Diocese of Albany Catholic Schools Announce Keynote Speaker for Superintendent’s Conference Day
Kick off gathering and liturgy for 500+ educators Tuesday, September 5
Dena Simmons, Ed.D., is a lifelong activist, educator, and student of life. A native of the Bronx, New York, Dena grew up in a one-bedroom apartment with her two sisters and immigrant mother. There, Dena learned and lived the violence of injustice and inequity and decided to dedicate her life to educating and empowering others. As the Director of Education at the Yale Center for Emotional Intelligence, she works with schools to use the power of emotions to create a more effective and compassionate society. Prior to her work at the Center, Dena served as an educator, teacher educator, diversity facilitator, and curriculum developer.
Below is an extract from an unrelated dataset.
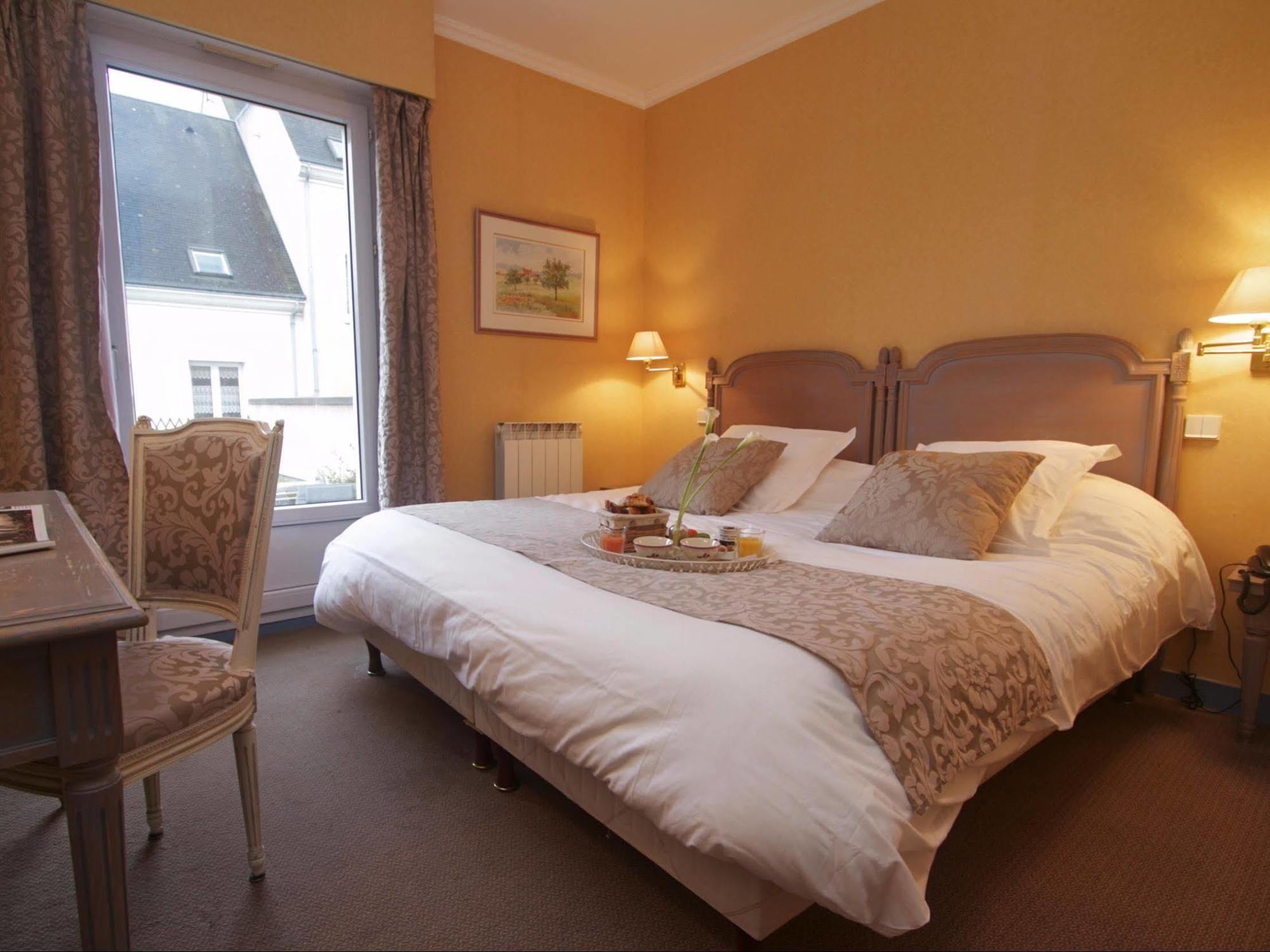 Hotel Sully Nogent-le-Rotrou Eksteriør bilde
She has been a leading voice on teacher education and has written and spoken across the country about social justice pedagogy, diversity, education reform, emotional intelligence, and bullying in K-12 school settings, including the United Nations, two TEDx talks, and a TED talk on Broadway. Dena has been profiled in the Huffington Post, the AOL/PBS project, MAKERS: Women Who Make America, and a Beacon Press Book, Do It Anyway: The New Generation of Activists. Dena is a recipient of a Harry S. Truman Scholarship, a J. William Fulbright Fellowship, an Education Pioneers Fellowship, a Paul and Daisy Soros Fellowship, a Phillips Exeter Academy Dissertation Fellowship, and an Arthur Vining Davis Aspen Fellowship among others. She earned her doctorate degree from Teachers College, Columbia University. Dena’s research interests include teacher preparedness to address bullying in the K-12 school setting, culturally responsive pedagogy, and social and emotional learning (SEL) interventions—all in an effort to ensure and foster justice and safe spaces for all.
Session Title: Leveraging emotional intelligence and culturally responsive practices for thriving students
Session Description: For students to thrive at school, they must feel safe to be who they are; they must love themselves. As a result, our leadership and instruction must foster psychological and emotional safety through emotional intelligence and culturally responsive pedagogy. Therefore, during this session, participants will receive an overview of the five key skills of emotional intelligence—recognizing, understanding, labeling, expressing, and regulating emotions—as well as explore opportunities to connect emotional intelligence to culturally relevant practices.